## Problem description
Take the lines below from the one with "To start with, what" through the one with "Hi! For those" and retype them exactly. Include nothing else, and no pictures.

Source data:
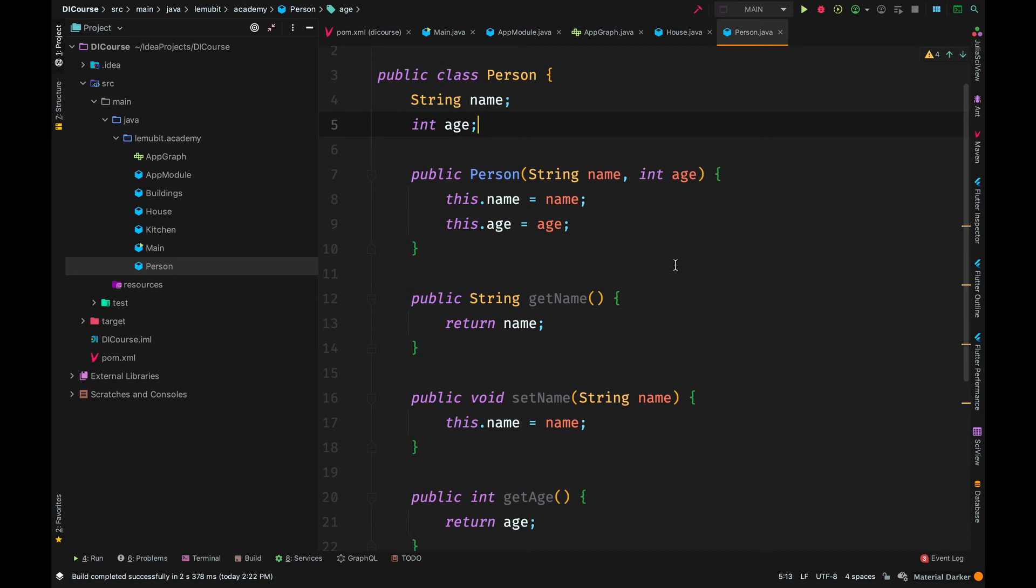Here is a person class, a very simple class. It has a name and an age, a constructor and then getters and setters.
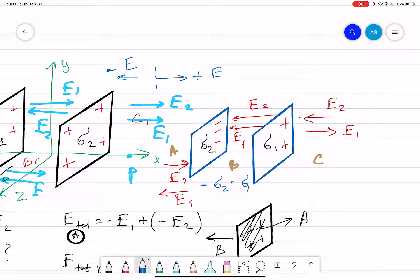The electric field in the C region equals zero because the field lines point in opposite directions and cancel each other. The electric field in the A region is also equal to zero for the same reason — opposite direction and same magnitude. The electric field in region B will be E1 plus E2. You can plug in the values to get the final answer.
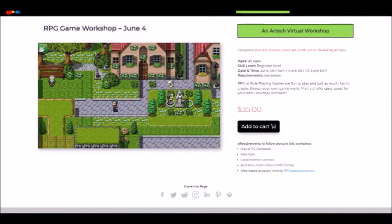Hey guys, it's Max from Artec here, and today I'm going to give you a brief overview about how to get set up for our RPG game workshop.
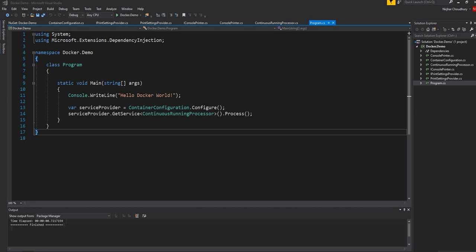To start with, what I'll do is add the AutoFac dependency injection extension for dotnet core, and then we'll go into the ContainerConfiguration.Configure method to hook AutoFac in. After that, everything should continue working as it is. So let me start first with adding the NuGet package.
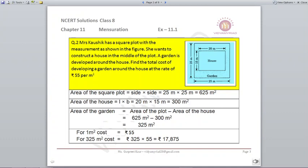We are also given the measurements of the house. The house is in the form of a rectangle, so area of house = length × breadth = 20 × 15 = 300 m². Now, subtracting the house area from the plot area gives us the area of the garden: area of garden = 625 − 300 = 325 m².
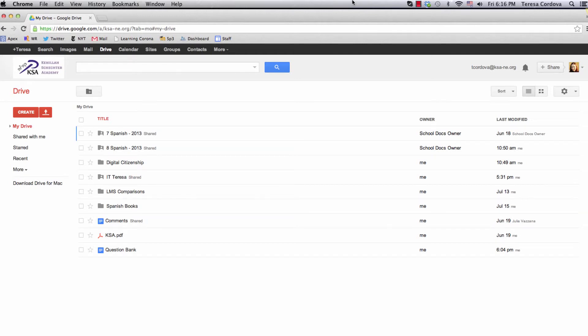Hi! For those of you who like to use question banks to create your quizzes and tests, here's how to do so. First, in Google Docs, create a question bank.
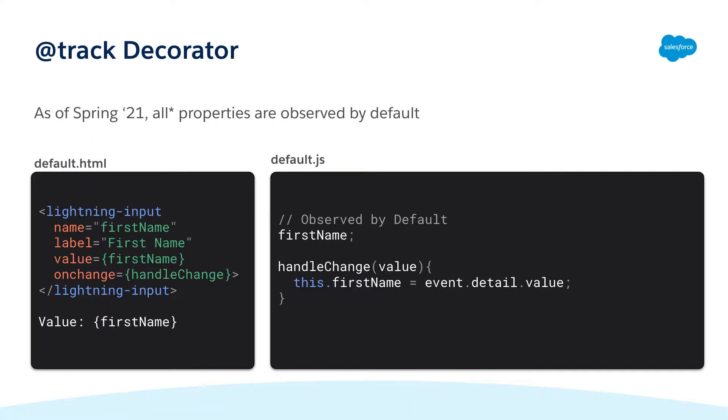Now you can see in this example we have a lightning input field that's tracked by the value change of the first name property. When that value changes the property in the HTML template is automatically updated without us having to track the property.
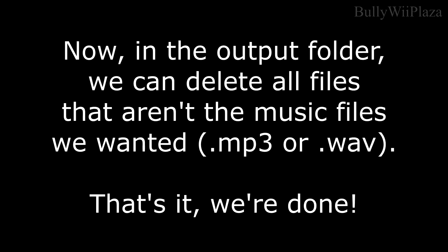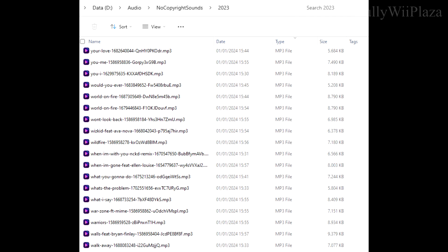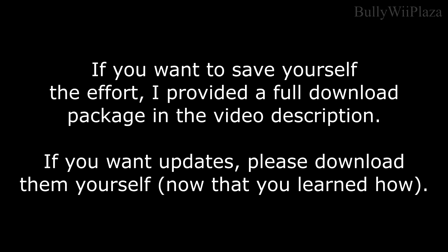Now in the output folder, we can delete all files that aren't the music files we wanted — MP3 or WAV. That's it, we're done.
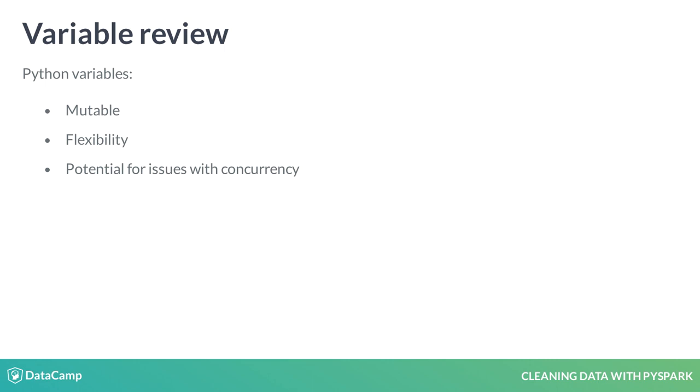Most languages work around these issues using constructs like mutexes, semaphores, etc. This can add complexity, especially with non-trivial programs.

## Expected output
To start with, what I'll do is add the AutoFac dependency injection extension for dotnet core, and then we'll go into the ContainerConfiguration.Configure method to hook AutoFac in. After that, everything should continue working as it is. So let me start first with adding the NuGet package.
We are also given the measurements of the house. The house is in the form of a rectangle, so area of house = length × breadth = 20 × 15 = 300 m². Now, subtracting the house area from the plot area gives us the area of the garden: area of garden = 625 − 300 = 325 m².
Hi! For those of you who like to use question banks to create your quizzes and tests, here's how to do so. First, in Google Docs, create a question bank.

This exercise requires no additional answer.